Characterization of the Earth subsurface properties at various scales relies on the inversion of seismic wave records, generally measured at the surface. Many different tomography methods have been derived for more than a century. Among them, the full waveform inversion aims at considering the whole seismic waveform as observation, through a large scale PDE-constrained inverse problem. As tomography results are used for geological interpretation or as input for further modeling or inversion processes, uncertainty quantification is a major issue for most geophysical tomography problems. Full waveform inversion involves generally hundreds of thousand to hundreds of million of parameters, and can therefore be tackled only with local-optimization methods. In such a frame, it is known that the inverse Hessian is associated to the posterior covariance matrix and can provides useful information on such uncertainties. However, computing and accessing such operator is out of reach for most large scale problems. In this presentation, the full waveform inversion concept will be first presented, showing promises and difficulties of such a method. Then, different methods proposed in the literature to probe the (inverse) Hessian will be presented, before introducing methods developed in the Data Assimilation community. Finally, a combination of Ensemble Kalman Filter and full waveform inversion will be presented, in order to access uncertainty information through the low-rank representation of the posterior covariance matrix provided by the ensemble.
Thomas Bodin: "Reconciling scales in global seismology"
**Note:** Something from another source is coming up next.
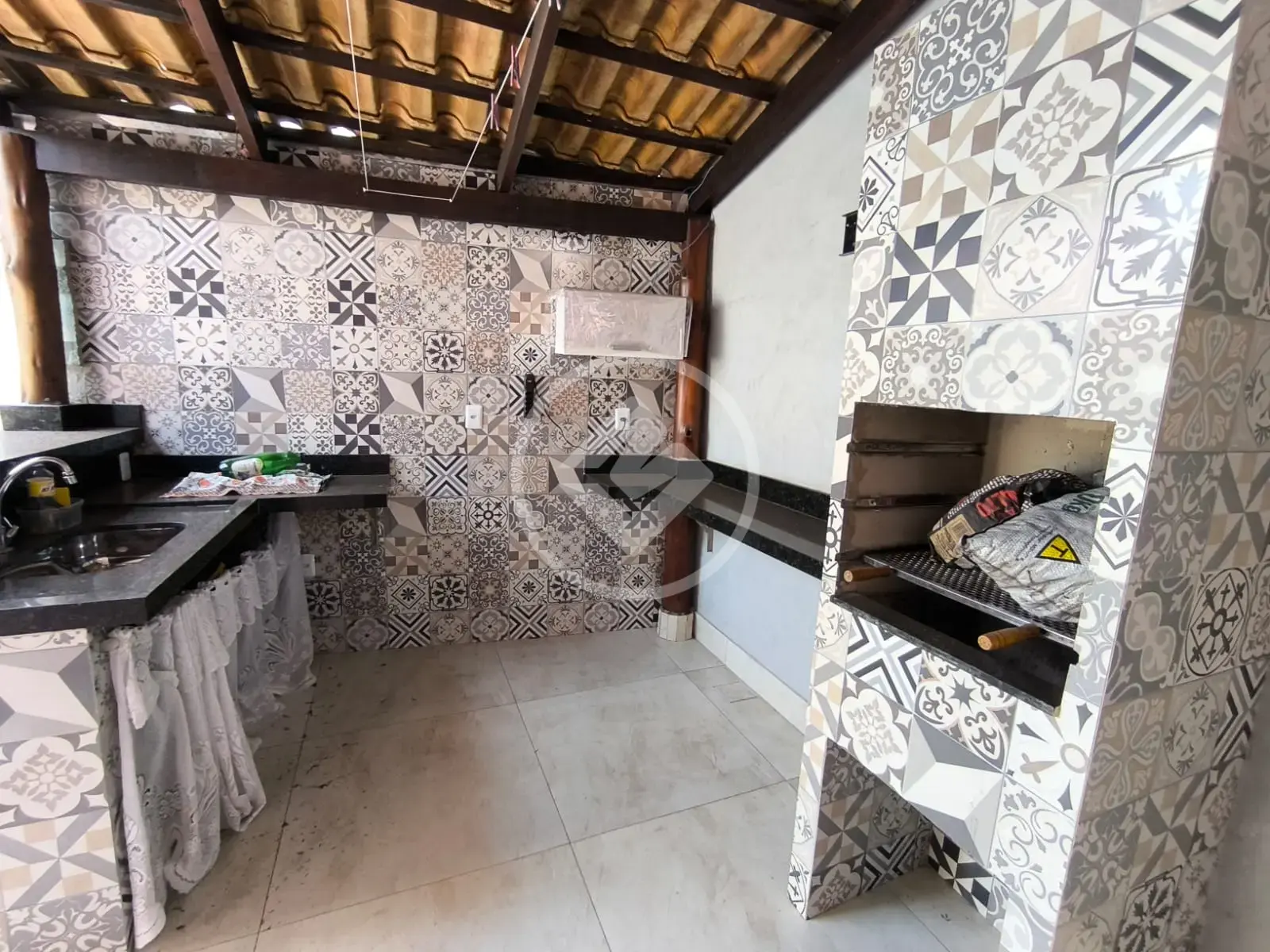 Image 28 - Casa Condomínio em Sítios Santa Luzia, Aparecida de Goiânia - GO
For more than 30 years, seismologists have used seismic waves to produce 3D images of the structure of the Earth. Despite many successes, a number of key questions still remain, which are of the uttermost importance to understand plate tectonics. The problem is that different seismic observables sample the Earth at different scales; they have different sensitivity to structure, and are usually interpreted separately. Images obtained from short period converted and reflected body waves see sharp discontinuities, and are interpreted in terms of thermo-chemical stratification, whereas seismic models constructed from long period seismograms depict a smooth and anisotropic upper mantle, and are usually interpreted in terms of mantle flow.
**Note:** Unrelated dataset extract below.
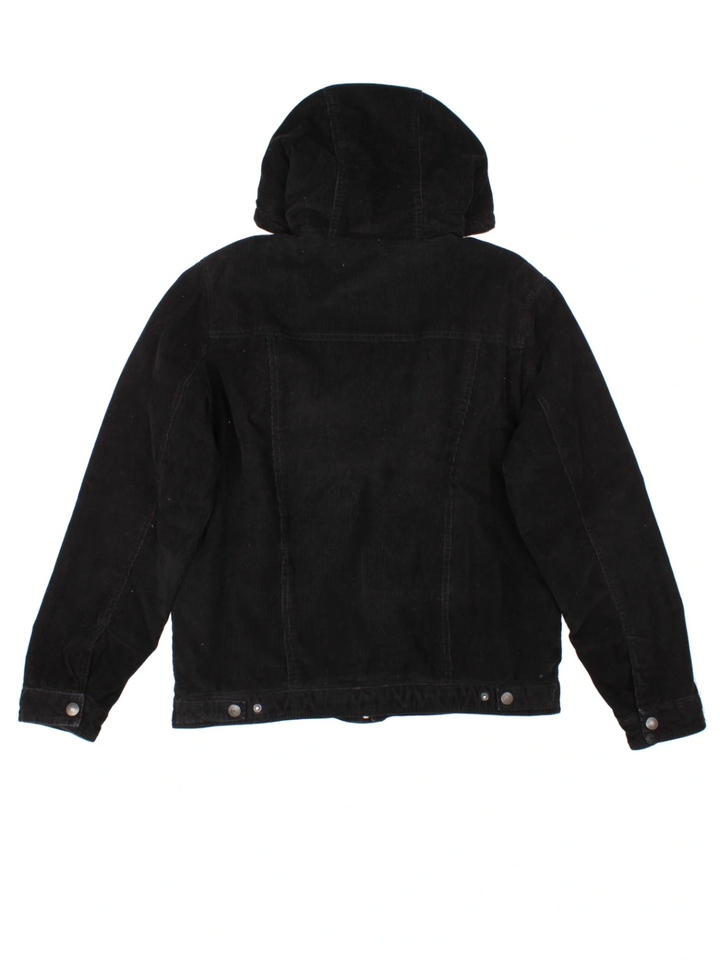 Levi's Corduroy Sherpa Trucker Jacket (Size M)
In this presentation, we will first show that a non negligible part of the observed anisotropy in smooth tomographic models may be artificial and the result of unmapped fine layering in the mantle, i.e small-scale heterogeneities that cannot be resolved by long-period seismic waves. In this way, we will show that tomographic images do not represent the true Earth, but rather a smooth effective, apparent, or equivalent model that provides a similar long-wavelength data fit, and which cannot be interpret in terms of deformation. We will propose a fully probabilistic approach to explore the ensemble of small scale models equivalent to a given smooth tomographic profile. Finally, we will show how a joint interpretation of different frequency bands can allow to fully localizing the patterns of deformation in the mantle.